▶ [Task directions]
Once the pictures are set aside, transcribe each line of the data exactly.

START Given data

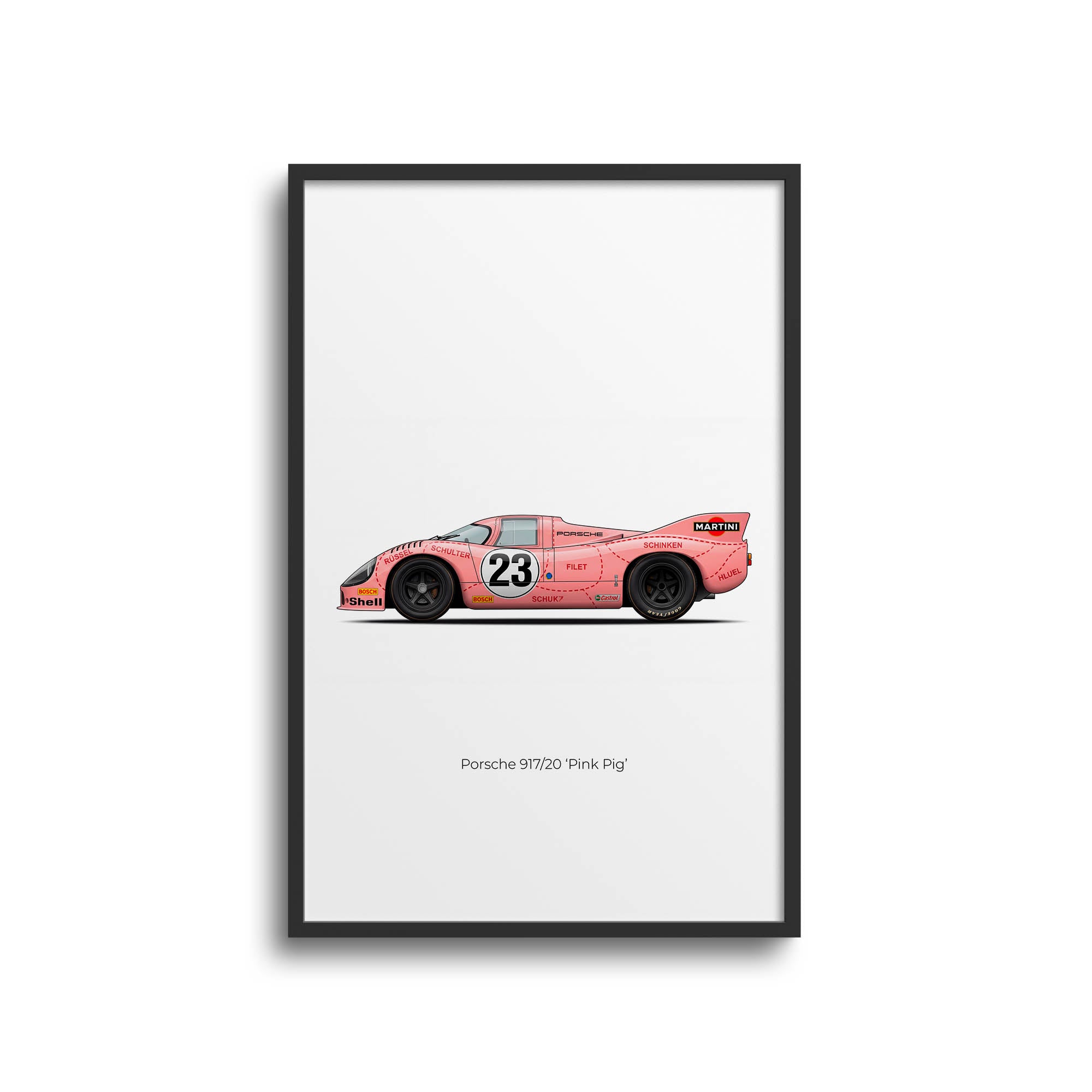 1971 Porsche – Car Print
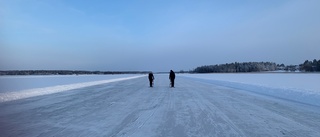 Läsarbilden. Fint på isbanan i februari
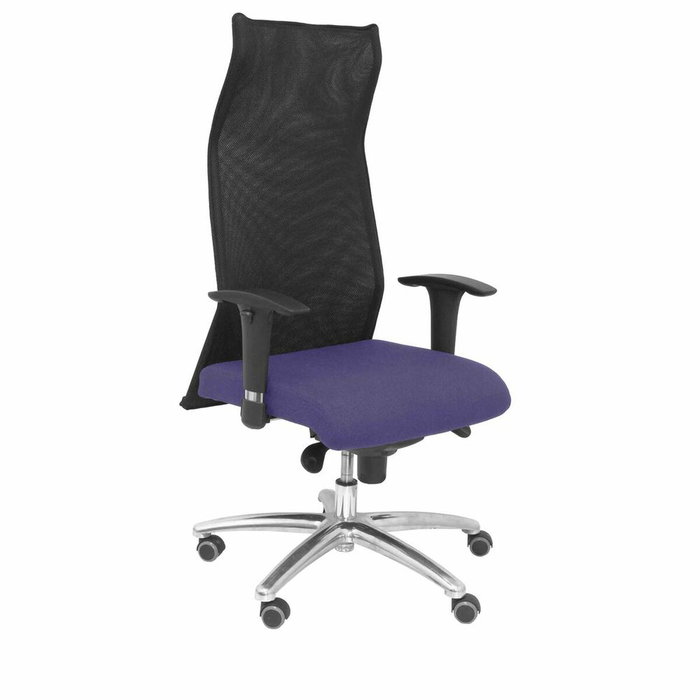 PIQUERAS Y CRESPO Sillón Sahuco XL con Mecanismo Sincro, Azul Claro y Negro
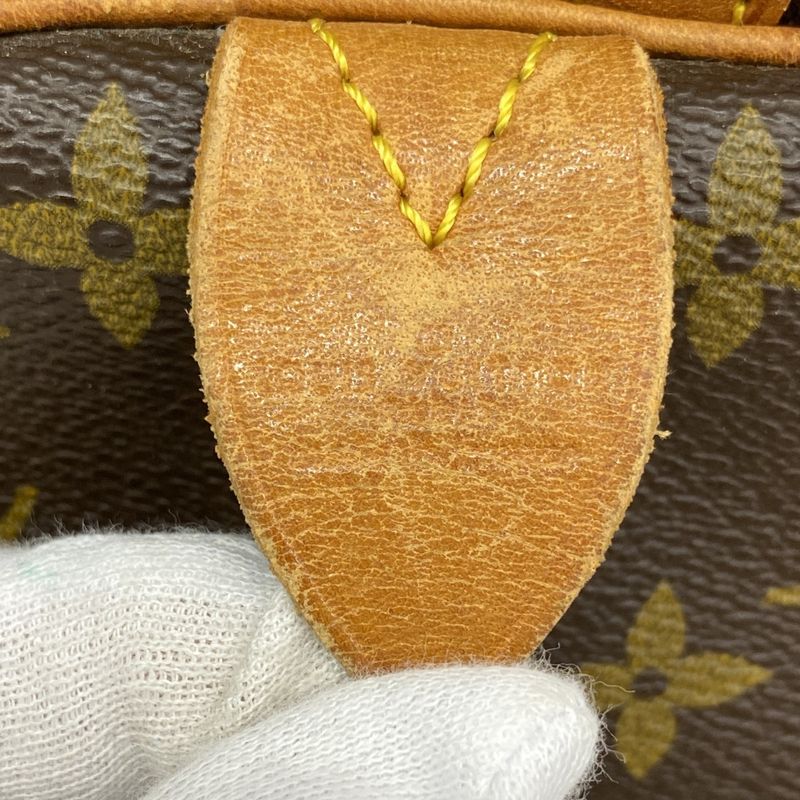 Louis Vuitton Handbag Monogram Sac Spool 35 M41626 Brown Ladies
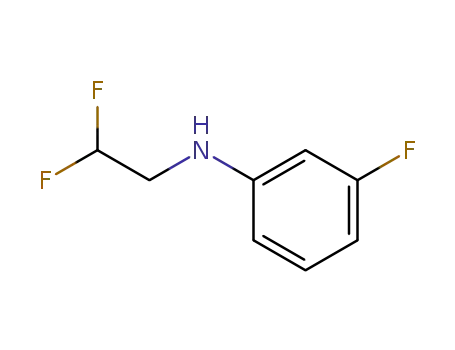 Molecular Structure of 351-44-0 (<i>N</i>-(2,2-difluoro-ethyl)-3-fluoro-aniline)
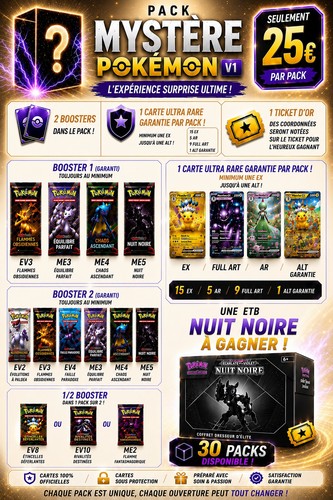 Pack mystère pokémon - pack,
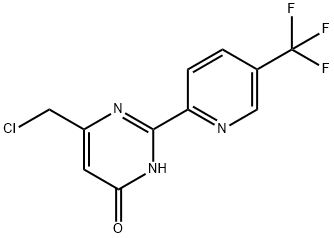 6-(CHLOROMETHYL)-2-[5-(TRIFLUOROMETHYL)-2-PYRIDYL]PYRIMIDIN-4-OL Struktur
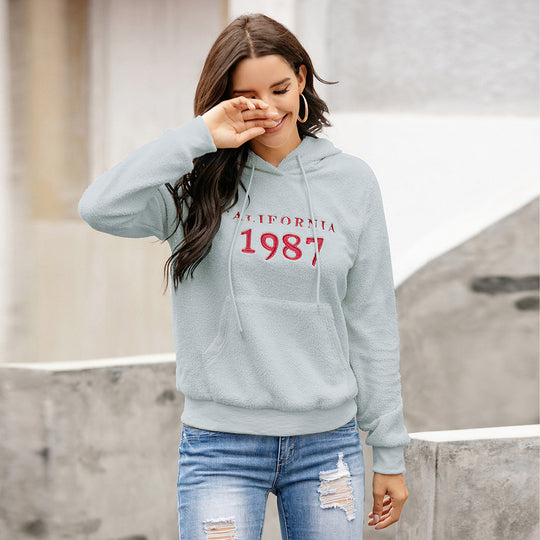 Damen kuscheliger Oversized Hoodie R&B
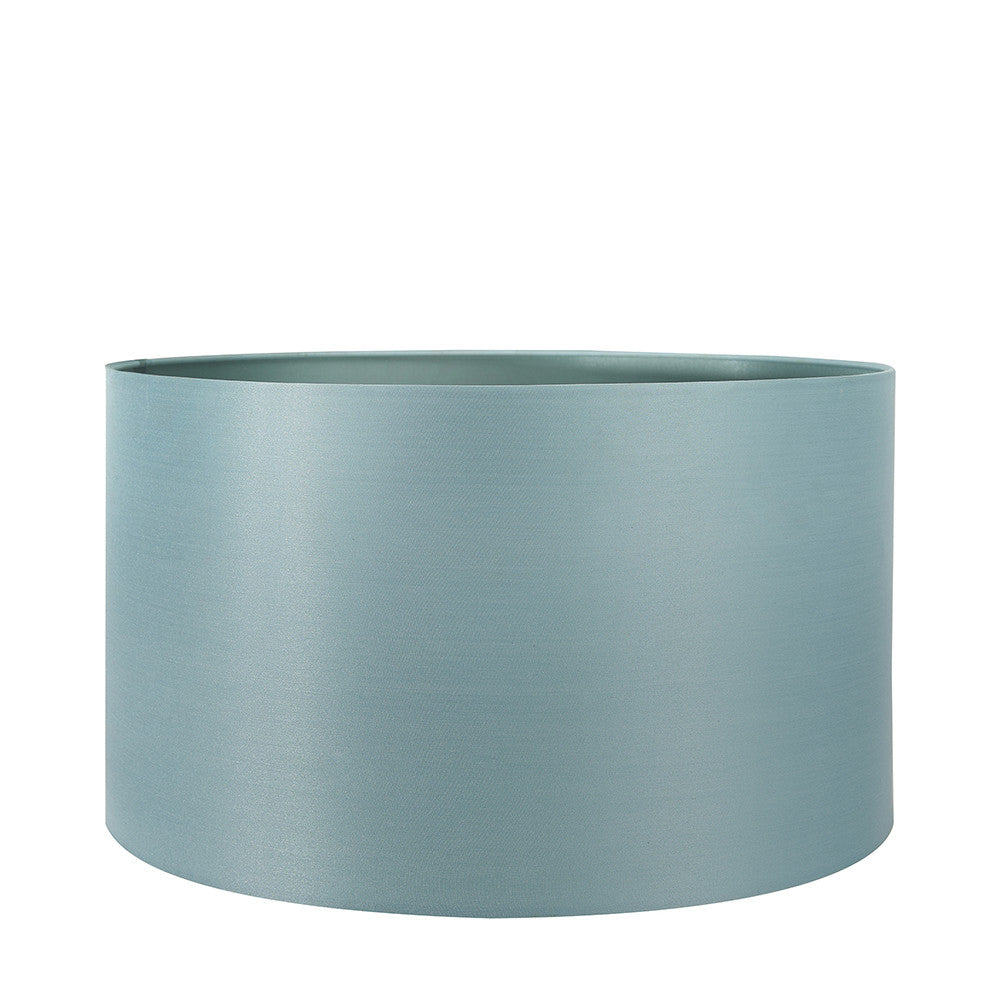 Zara 40cm Duck Egg Silk Cylinder Lampshade | Luxury Silk Shade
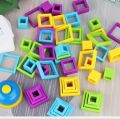 You've Been Framed with Buzzer - You Have Been Framed Stacking and Building Game Match the Pattern, Slap the Buzzer and Win! Kids and Adults Birthday Party Gift Game. 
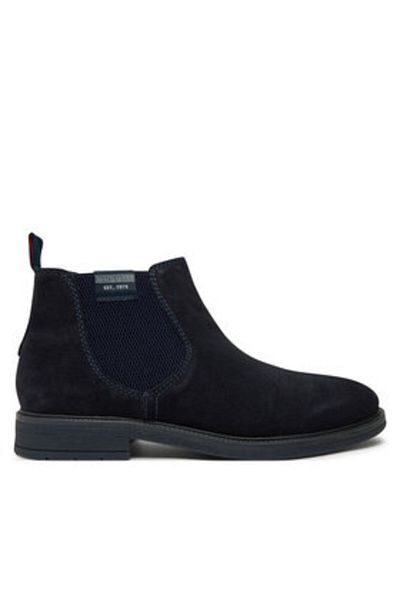 BUGATTI men's Chelsea boots 311AGS301400 blue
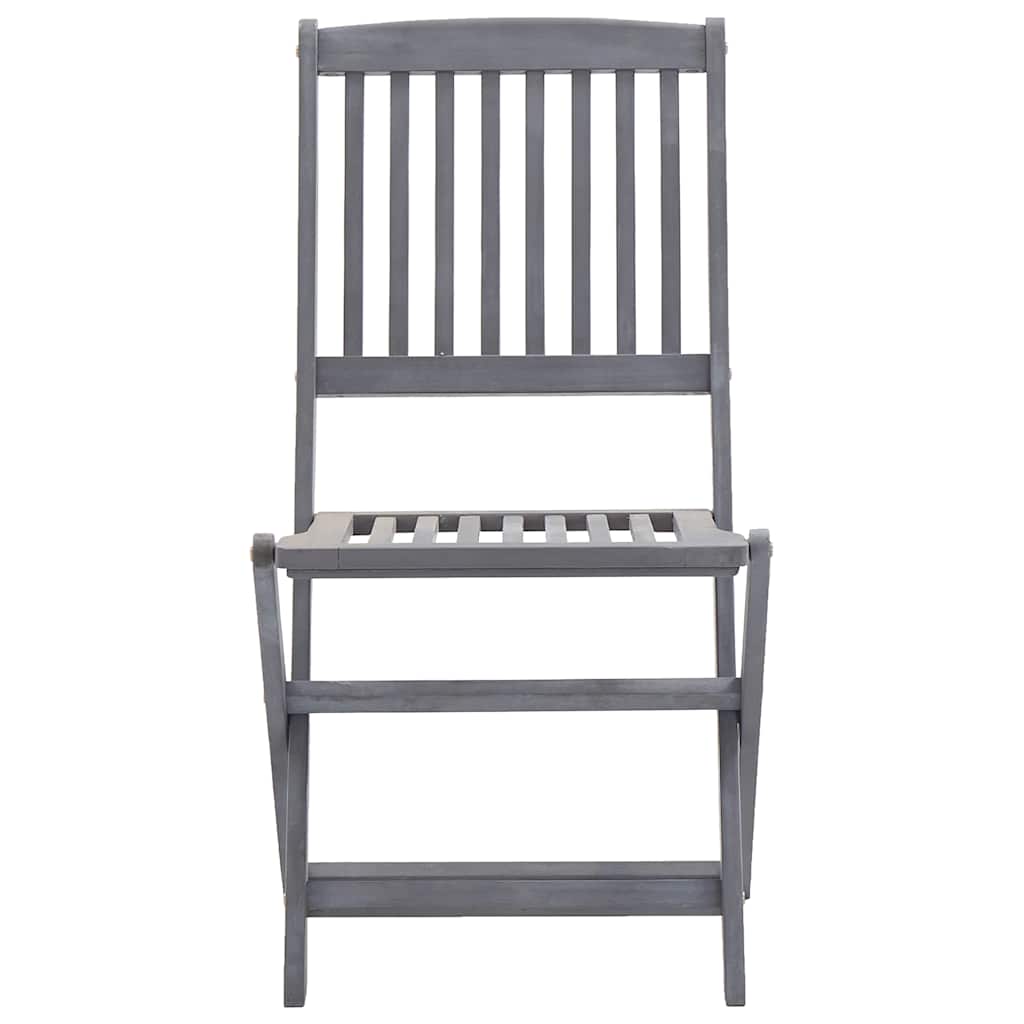 Folding Chairs 4 pcs with Cushions Solid Acacia Wood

END Given data

▶ [Expected answer]
 1971 Porsche – Car Print
 Läsarbilden. Fint på isbanan i februari
 PIQUERAS Y CRESPO Sillón Sahuco XL con Mecanismo Sincro, Azul Claro y Negro
 Louis Vuitton Handbag Monogram Sac Spool 35 M41626 Brown Ladies
 Molecular Structure of 351-44-0 (<i>N</i>-(2,2-difluoro-ethyl)-3-fluoro-aniline)
 Pack mystère pokémon - pack,
 6-(CHLOROMETHYL)-2-[5-(TRIFLUOROMETHYL)-2-PYRIDYL]PYRIMIDIN-4-OL Struktur
 Damen kuscheliger Oversized Hoodie R&B
 Zara 40cm Duck Egg Silk Cylinder Lampshade | Luxury Silk Shade
 You've Been Framed with Buzzer - You Have Been Framed Stacking and Building Game Match the Pattern, Slap the Buzzer and Win! Kids and Adults Birthday Party Gift Game. 
 BUGATTI men's Chelsea boots 311AGS301400 blue
 Folding Chairs 4 pcs with Cushions Solid Acacia Wood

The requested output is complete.